[Exercise description] Lines from the line with "Figure 1 for" to the line with "Jeep Renegade Wallpapers" in the entries below, and only those, must be output exactly, with both ends included.
+ + + + +
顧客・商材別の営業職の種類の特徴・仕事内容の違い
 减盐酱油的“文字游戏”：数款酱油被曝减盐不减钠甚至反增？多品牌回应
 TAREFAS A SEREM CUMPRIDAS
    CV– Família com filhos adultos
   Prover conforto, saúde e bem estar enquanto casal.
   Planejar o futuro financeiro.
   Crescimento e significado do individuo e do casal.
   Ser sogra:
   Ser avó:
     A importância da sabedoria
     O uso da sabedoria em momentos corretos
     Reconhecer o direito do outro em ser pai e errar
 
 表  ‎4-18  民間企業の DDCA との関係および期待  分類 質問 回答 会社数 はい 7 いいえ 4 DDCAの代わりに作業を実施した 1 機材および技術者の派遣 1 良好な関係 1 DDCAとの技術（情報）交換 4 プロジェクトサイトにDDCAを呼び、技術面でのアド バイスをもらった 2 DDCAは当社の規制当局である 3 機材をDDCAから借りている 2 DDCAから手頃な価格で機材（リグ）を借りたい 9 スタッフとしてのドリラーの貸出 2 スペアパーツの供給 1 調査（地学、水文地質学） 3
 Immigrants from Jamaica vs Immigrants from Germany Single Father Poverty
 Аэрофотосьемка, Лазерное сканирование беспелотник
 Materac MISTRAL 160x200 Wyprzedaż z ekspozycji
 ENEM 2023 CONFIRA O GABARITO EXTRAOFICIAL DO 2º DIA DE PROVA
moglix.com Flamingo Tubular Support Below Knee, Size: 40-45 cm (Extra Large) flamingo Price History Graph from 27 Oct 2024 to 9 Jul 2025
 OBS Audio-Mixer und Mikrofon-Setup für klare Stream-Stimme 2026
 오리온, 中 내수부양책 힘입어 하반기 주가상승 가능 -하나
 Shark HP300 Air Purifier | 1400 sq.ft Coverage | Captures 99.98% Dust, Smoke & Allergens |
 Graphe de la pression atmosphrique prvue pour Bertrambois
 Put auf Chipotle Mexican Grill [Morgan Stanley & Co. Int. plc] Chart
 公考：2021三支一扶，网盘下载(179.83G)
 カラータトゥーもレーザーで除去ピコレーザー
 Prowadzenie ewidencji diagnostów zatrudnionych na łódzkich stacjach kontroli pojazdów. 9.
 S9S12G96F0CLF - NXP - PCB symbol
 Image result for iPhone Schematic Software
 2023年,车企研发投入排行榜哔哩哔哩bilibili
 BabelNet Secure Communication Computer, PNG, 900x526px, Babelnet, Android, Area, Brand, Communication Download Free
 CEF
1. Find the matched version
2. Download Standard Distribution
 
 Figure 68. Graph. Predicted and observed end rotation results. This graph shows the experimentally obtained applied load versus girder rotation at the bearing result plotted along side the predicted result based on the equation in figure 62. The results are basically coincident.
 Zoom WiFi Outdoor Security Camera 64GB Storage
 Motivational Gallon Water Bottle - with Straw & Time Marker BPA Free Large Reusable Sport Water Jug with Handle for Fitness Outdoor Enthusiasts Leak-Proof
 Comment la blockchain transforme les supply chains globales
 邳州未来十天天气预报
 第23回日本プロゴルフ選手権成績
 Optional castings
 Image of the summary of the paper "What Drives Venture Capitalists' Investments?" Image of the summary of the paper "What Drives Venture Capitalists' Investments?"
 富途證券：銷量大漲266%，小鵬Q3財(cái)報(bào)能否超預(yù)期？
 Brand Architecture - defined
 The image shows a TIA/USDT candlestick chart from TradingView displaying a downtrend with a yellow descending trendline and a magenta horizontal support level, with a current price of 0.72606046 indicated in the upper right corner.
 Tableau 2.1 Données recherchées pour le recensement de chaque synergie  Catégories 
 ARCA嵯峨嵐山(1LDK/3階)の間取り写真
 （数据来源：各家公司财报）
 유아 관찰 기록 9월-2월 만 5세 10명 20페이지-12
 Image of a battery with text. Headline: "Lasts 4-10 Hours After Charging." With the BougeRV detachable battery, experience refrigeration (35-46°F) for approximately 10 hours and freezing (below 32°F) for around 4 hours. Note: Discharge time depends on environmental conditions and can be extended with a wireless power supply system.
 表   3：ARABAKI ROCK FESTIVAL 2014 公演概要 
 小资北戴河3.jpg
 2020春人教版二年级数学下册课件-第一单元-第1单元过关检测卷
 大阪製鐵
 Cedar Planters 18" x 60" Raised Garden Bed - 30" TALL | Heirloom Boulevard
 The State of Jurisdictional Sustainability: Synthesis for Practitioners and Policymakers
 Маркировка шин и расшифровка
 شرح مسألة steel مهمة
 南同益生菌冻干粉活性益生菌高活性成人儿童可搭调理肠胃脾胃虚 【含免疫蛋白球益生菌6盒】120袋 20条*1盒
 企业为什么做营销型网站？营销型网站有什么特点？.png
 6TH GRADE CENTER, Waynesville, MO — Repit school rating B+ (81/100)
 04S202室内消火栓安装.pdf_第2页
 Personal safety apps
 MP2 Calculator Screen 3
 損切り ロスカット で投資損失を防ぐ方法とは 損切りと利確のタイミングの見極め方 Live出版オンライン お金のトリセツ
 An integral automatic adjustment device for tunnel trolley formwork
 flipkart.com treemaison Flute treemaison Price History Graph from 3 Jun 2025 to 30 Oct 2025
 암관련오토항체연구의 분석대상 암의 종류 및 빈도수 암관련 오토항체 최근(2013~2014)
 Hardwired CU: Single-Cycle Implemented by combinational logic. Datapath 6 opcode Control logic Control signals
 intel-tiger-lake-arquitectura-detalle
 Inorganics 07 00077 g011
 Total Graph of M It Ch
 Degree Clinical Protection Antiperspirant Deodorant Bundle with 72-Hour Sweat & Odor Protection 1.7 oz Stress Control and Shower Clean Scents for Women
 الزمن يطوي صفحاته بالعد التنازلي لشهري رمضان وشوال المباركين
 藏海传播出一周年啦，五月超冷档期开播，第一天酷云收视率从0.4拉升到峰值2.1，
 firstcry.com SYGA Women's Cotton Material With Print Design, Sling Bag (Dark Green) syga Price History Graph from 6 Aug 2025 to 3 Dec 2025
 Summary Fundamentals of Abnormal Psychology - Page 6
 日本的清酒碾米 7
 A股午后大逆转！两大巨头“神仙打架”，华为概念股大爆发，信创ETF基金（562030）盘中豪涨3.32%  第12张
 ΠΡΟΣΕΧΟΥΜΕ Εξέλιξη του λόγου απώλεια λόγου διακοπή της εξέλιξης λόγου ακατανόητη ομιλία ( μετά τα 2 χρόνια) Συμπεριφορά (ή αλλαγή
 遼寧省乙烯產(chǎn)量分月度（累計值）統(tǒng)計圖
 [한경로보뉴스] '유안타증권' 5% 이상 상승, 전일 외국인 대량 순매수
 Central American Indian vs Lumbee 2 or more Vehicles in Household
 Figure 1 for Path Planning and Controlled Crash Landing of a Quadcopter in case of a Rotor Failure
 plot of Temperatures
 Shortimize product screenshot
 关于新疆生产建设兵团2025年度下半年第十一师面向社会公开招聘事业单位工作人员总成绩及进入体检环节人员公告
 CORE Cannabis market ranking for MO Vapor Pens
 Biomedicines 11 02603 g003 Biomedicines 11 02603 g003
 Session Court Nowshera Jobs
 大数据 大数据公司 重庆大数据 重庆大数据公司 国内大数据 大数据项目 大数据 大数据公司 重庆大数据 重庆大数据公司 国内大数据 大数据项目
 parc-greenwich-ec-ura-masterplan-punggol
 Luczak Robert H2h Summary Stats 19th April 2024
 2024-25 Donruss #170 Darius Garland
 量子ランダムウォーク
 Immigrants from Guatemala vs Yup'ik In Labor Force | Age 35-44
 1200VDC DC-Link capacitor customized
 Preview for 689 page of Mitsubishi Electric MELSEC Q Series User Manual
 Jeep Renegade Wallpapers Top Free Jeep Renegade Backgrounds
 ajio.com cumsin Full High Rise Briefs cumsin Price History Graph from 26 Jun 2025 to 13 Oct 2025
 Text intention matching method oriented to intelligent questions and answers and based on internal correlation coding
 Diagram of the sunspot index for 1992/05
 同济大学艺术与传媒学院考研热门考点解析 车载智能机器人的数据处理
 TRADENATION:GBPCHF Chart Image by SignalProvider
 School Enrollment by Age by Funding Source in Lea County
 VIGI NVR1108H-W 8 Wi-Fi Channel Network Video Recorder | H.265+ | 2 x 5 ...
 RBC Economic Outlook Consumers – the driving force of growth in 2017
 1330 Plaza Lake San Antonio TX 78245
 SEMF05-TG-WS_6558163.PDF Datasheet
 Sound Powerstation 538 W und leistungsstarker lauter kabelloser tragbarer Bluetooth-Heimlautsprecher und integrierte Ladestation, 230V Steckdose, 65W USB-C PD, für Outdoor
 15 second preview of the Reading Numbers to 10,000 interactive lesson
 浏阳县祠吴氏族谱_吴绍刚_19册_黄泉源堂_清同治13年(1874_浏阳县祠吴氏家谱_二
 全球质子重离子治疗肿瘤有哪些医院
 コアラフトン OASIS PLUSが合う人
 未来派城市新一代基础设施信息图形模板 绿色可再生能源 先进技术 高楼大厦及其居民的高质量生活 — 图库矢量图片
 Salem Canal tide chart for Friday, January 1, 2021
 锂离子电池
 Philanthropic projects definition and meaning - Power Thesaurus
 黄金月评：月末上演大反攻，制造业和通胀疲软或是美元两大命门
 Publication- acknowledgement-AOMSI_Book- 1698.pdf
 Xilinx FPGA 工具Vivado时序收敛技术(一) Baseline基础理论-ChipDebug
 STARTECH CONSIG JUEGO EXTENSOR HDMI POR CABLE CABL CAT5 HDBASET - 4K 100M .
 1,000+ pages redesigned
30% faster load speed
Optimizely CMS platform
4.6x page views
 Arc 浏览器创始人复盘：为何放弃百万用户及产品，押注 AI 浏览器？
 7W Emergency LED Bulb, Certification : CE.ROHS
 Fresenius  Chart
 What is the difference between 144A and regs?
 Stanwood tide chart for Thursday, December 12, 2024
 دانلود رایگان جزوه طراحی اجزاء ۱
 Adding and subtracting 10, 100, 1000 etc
+ + + + +
[Finished task]
 Figure 1 for Path Planning and Controlled Crash Landing of a Quadcopter in case of a Rotor Failure
 plot of Temperatures
 Shortimize product screenshot
 关于新疆生产建设兵团2025年度下半年第十一师面向社会公开招聘事业单位工作人员总成绩及进入体检环节人员公告
 CORE Cannabis market ranking for MO Vapor Pens
 Biomedicines 11 02603 g003 Biomedicines 11 02603 g003
 Session Court Nowshera Jobs
 大数据 大数据公司 重庆大数据 重庆大数据公司 国内大数据 大数据项目 大数据 大数据公司 重庆大数据 重庆大数据公司 国内大数据 大数据项目
 parc-greenwich-ec-ura-masterplan-punggol
 Luczak Robert H2h Summary Stats 19th April 2024
 2024-25 Donruss #170 Darius Garland
 量子ランダムウォーク
 Immigrants from Guatemala vs Yup'ik In Labor Force | Age 35-44
 1200VDC DC-Link capacitor customized
 Preview for 689 page of Mitsubishi Electric MELSEC Q Series User Manual
 Jeep Renegade Wallpapers Top Free Jeep Renegade Backgrounds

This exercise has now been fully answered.